I do have a strong interest for this but are players playing The Characters or The underdogs it's a little unclear in how it's written, at least to my eye. Is it that we are, in fact, both? We make up the lore but we're also an underdog in this world?
♫ Yo, ho, yo, ho, it's a pirates life for meee~ ♪
THALORIAN KESSLER

Forest Grove Base


For a moment, he could only blink, stunned again, but for an entirely different reason. Her hand wrapped around his, small and warm and unexpectedly firm, and her smile lit up the grove like sunrise through the mist. She called him ‘Thally.’ He didn’t even mind. In fact, the way she beamed up at him with total sincerity, excitement bubbling over in every syllable, it made something old and quietly scarred in his chest stir with strange relief.

"You're a good person, Thally! I've decided! Yes, I will be your partner!"


The words echoed, and somehow, hearing them out loud made the whole world seem a little more real. He laughed, low and breathy, surprised. It escaped before he could think to muffle it.

“Then it’s a promise,” he said, offering her a small, lopsided grin. “Partners it is.”

A gust stirred the trees overhead. The scent of pine shifted. His smile faded just slightly, brow furrowing as he glanced southeast, not with fear, but focus. Something stirred beneath his palm, still resting against the soil. Threads of the sanctuary web hummed against the pressure of external mana, not intrusive, but undeniable. A storm of spiritual energy, distant but mighty. He exhaled slowly, eyes narrowing.

“There’s movement,” he murmured, “magic swelling far off, definitely not subtle. Feels like a clash. A Servant, probably, likely two.” He met her gaze again, more alert now. “Tourbillon, most likely.
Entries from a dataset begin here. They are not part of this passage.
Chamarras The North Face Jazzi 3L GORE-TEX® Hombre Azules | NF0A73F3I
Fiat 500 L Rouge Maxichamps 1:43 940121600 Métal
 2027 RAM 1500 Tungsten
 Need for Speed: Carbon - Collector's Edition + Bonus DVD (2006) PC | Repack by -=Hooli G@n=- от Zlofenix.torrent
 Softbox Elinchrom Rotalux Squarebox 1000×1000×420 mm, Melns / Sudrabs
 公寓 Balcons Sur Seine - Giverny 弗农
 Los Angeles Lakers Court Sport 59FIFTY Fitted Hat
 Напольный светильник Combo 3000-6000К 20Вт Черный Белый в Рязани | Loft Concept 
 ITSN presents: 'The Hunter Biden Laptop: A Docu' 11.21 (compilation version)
Someone’s making themselves known.” He paused in thought, but not for long.

“We don’t have to jump in, I’m not looking to start a war with strangers before we’ve eaten.” He smiled again, softer, one brow raised. “But if you’d rather not stay cooped up, we could move out. See the battlefield from a distance, get a sense of who’s throwing their weight around?”
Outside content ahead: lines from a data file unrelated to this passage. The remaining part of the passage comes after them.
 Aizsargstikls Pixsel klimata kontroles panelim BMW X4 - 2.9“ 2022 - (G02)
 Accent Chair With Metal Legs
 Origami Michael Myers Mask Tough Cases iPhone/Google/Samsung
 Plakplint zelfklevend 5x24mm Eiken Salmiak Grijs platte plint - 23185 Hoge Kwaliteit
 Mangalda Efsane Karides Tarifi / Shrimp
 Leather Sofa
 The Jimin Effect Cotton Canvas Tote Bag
He stood, brushing pine needles from his knees, then offered a hand toward her, palm up. “Or we could scout somewhere else. The Basilica’s not far, and I’d wager someone’s tried to stake a claim there. Whatever you want, Rider.”

There was no pressure in his tone, only trust. The kind of trust that had already chosen her, long before she raised her fist to the sky.
@Cocojoe

AUREUS DEUS BELLATOR

Tourbillion Battlefield

Aureus did not answer Rider’s taunts with words. He answered with silence, and in that silence, contempt. Not for the rocks or the crowd-pleasing swagger, but for the man who wielded them with the safety of a sister’s voice always in his ear. A warrior who could not step forward without a handler was no warrior at all.
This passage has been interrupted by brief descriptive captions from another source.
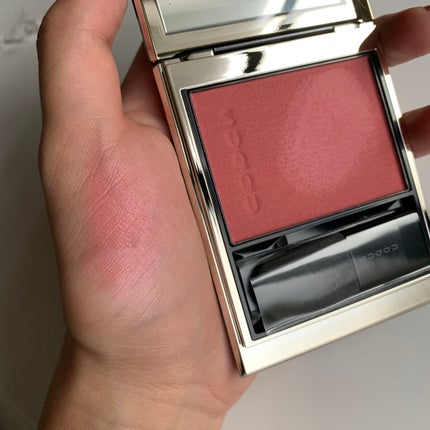 メルティング パウダー ブラッシュ/SUQQU/パウダーチークを使ったクチコミ(4枚目)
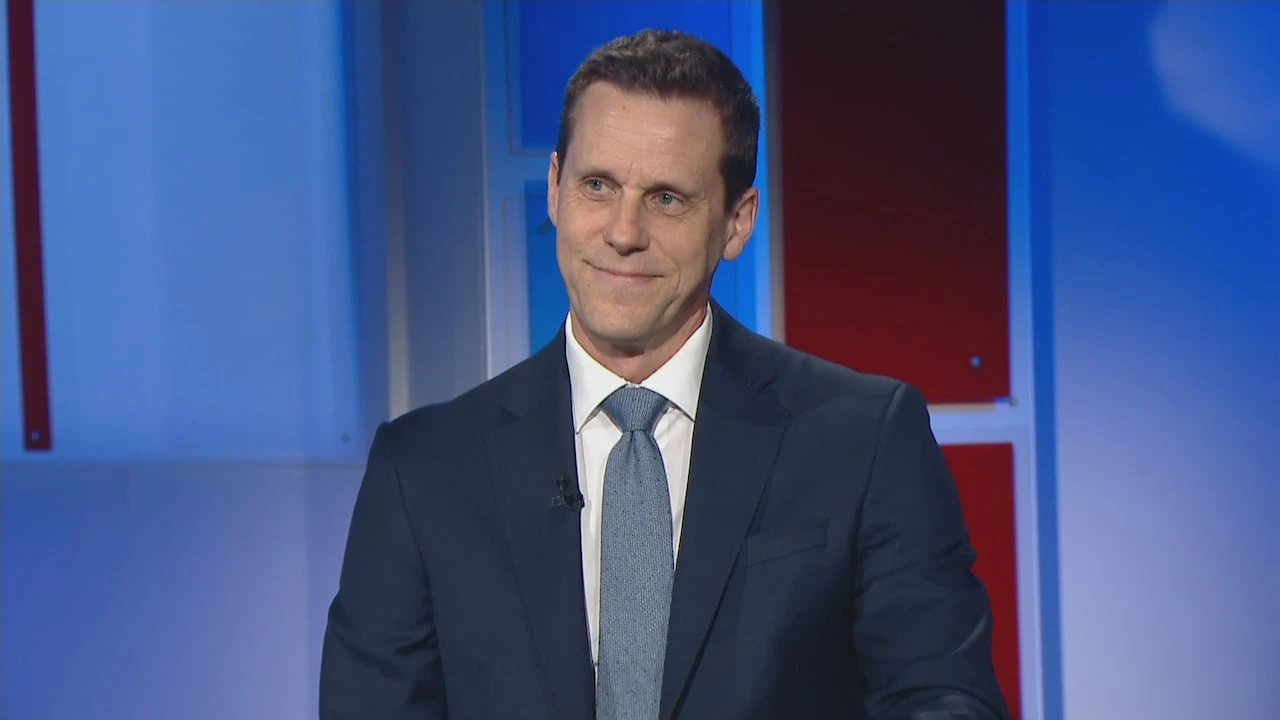 P.E.I. Premier Rob Lantz sits down for an interview with CBC News : Compass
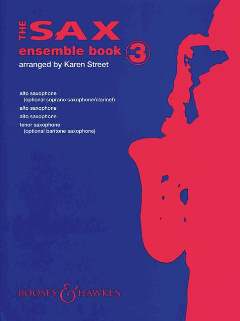 The Sax Ensemble Book 3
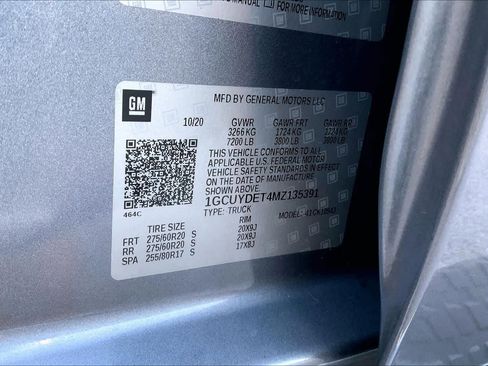 Used 2021 Chevrolet Silverado 1500 LT w/ LPO, Dark Essentials Package image 37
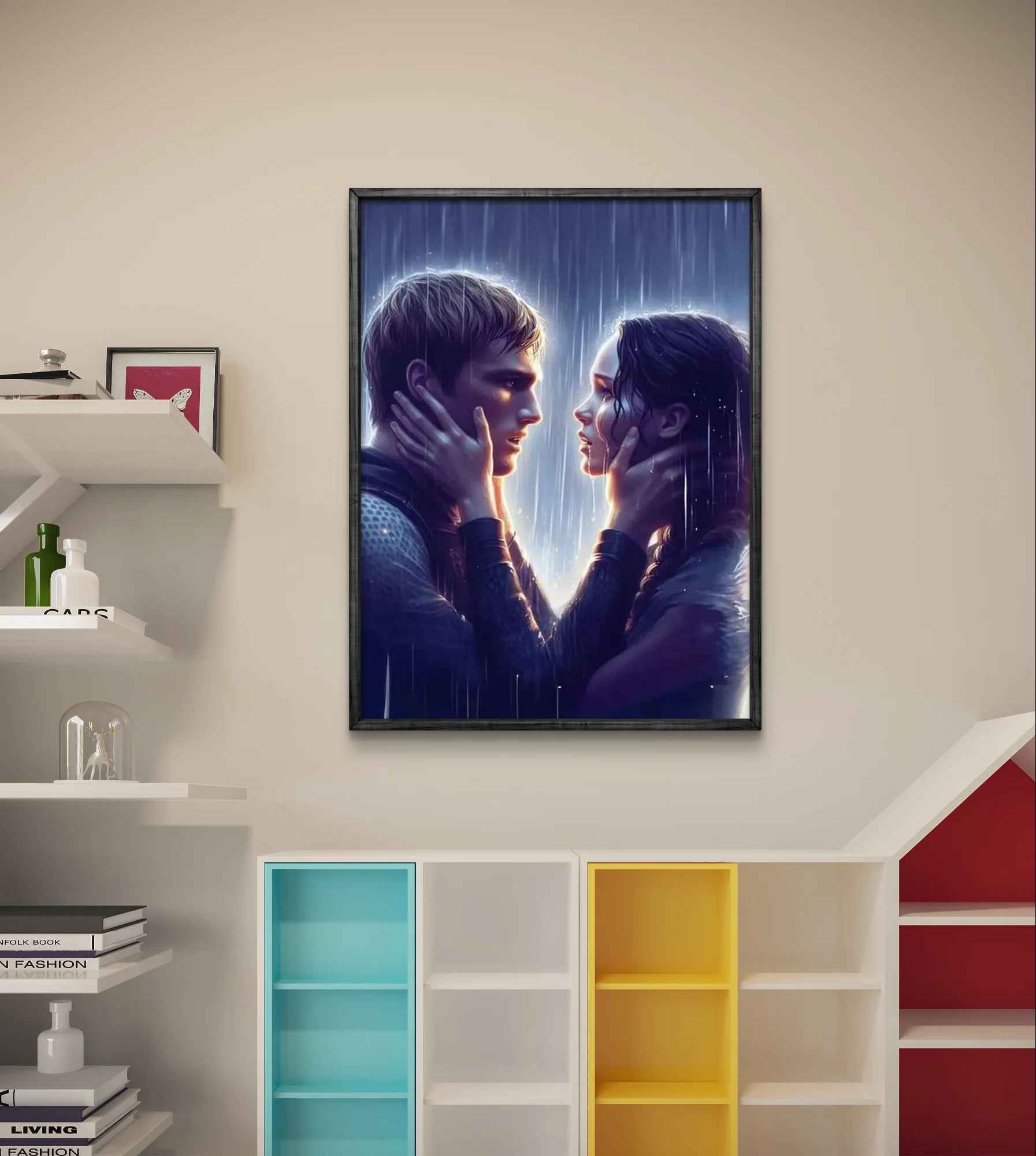 The Hunger Games DIY Diamond Painting Kit Movie Posters 5D Diamond Embroidery Mosaic Oil Painting Home Decor Hand Gift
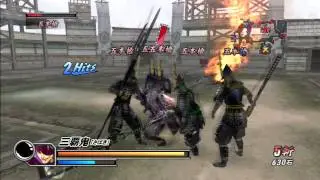Sengoku Basara 2: Heroes - Stage 1 Speedrun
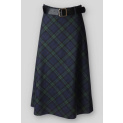 Sukně karo s páskem WAY 23296 C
And then the stone was loosed. He saw it, not with alarm, but with precision. The angle. The weight. Not aimed to kill, but to blind. Dust, of course. That was the moment. The moment everything clicked. The false throw. The timing. The echo of it all, etched across centuries of gladiator’s instinct. He had seen it before, he had done it before, lived it a thousand times in a thousand skins: sand flung before a blade, shame dressed in showmanship. And the Colosseum had always hated it.

As the stone struck the earth and the dust surged up in a choking veil, Aureus moved. Not out of panic, but with purpose, a dive to the side, clean and practiced, performed both to evade and to vanish. Better to disappear into the screen than wait for the killing blow behind it.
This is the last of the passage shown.